- Citizenship: United States
- Education: Michigan State University BS '78 Massachusetts Institute of Technology MS '81, PhD '86
- Known for: Delayed gadolinium-enhanced magnetic resonance imaging of cartilage
- Awards: 2007 Kappa Delta Elizabeth Winston Lanier Award, 2011 ORS Women's Leadership Forum Award
- Scientific career
- Fields: Biomedical engineering Computer science
- Workplaces: Massachusetts Institute of Technology

= Martha Gray =

American biomedical engineer

Martha Gray is a biomedical engineer and professor at the Massachusetts Institute of Technology, jointly appointed in the Department of Electrical Engineering and Health Sciences and Technology (HST). Gray became the first woman to lead a department of science or engineering at MIT when she became the co-director of the Harvard–MIT Program of Health Sciences and Technology in 1987. She has developed multidisciplinary programs at MIT. Her research focuses on understanding and preventing Osteoarthritis, and her team developed the imaging technology dGEMRIC, now used to examine cartilage.

== Early life ==
Martha Gray was raised in the Detroit area with three sisters and one brother. Her mother was a nurse and her father was an engineer. In high school, she thought her career might be as a nursery school or elementary school teacher.

Martha Gray received her BS degree in computer science from Michigan State University in 1978, SM degree in electrical engineering from the Massachusetts Institute of Technology in 1981, and PhD in medical engineering through the Harvard–MIT Program of Health Sciences and Technology in 1986. She then completed her postdoctoral work at Tufts University and the State University of New York, Stony Brook.

== Career ==
Gray joined the Harvard-MIT Program of Health Sciences and Technology (HST) faculty in 1987 and became co-director of the department in 1995, joining Joseph Bonventre, making her the first woman to lead a science or engineering department at MIT. During Gray's term as director of HST, the faculty was expanded from 5 to over 60 members, initiatives such as the Biomedical Enterprise Program and the Graduate Education in Medical Sciences were started, and the Biomatrix mentoring program was established for undergraduate students interested in studying health sciences. Gray held the co-director position until July 1, 2008.

In 2010, Gray became the founding director of the Madrid-MIT M+Vision Consortium. This program brings together "leaders in science, medicine, engineering, business, and the public sector dedicated to catalyzing change in Madrid's healthcare innovation ecosystem by accelerating translational research and encouraging entrepreneurship." In 2014, the program was recognized by the Spanish Foundation for Technology and Health "for its contributions to healthcare technology innovation and economic development in Spain. And most recently, Gray is the program director of the IMPACT program at MIT, established in 2016. The IMPACT program seeks to provide post-doctoral students with mentorship so their work can have the most impact on society, by focusing on the societal value of one's work and improving communication to the public.
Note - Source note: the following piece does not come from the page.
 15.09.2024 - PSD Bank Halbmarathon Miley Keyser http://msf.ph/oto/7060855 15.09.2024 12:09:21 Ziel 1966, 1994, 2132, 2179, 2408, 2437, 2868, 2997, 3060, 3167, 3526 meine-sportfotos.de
Gray's biomedical research has focused on arthritis, as she had a longstanding interest in connective tissue in joints, and in the causes of tissue degeneration, whether they are genetic or environmental. Early experiments involved applying mechanical forces to cartilage tissue ex-vivo and observing the effects to cells. From there Gray moved into cartilage imaging technology. Frequently, X-rays would be used to evaluate the condition of cartilage, but cartilage doesn't show up on an X-ray image. Instead, doctors judge by the distance between bones, which do appear from the X-ray, to evaluate the state of the cartilage between them. Inspired by a colleague's work in cardiac imaging, Gray worked with them and developed Delayed gadolinium-enhanced magnetic resonance imaging of cartilage (dGEMRIC).

== Societies and awards ==
Gray is a member of the following societies and associations.
- Fellow, American Association for the Advancement of Science
- Fellow, American Institute for Medical and Biological Engineering
  - Vice President at Large (2007–2009)
  - Chair, College of Fellows (2005–2006)
- Fellow, Biomedical Engineering Society
  - Treasurer (2009–2011)
- Associate Editor of the Annual Review of Biomedical Engineering
- Orthopedic Research Society
  - Secretary (2008–2011)
Gray was the recipient of the 2007 Kappa Delta Elizabeth Winston Lanier Award and the 2011 ORS Women's Leadership Forum Award both from the American Academy of Orthopedic Surgeons. Additionally, the Harvard-MIT HST department annually gives the Martha Gray Prizes for Excellence in Research.

== Personal life ==
Gray lives in Arlington, MA, with her husband and three children.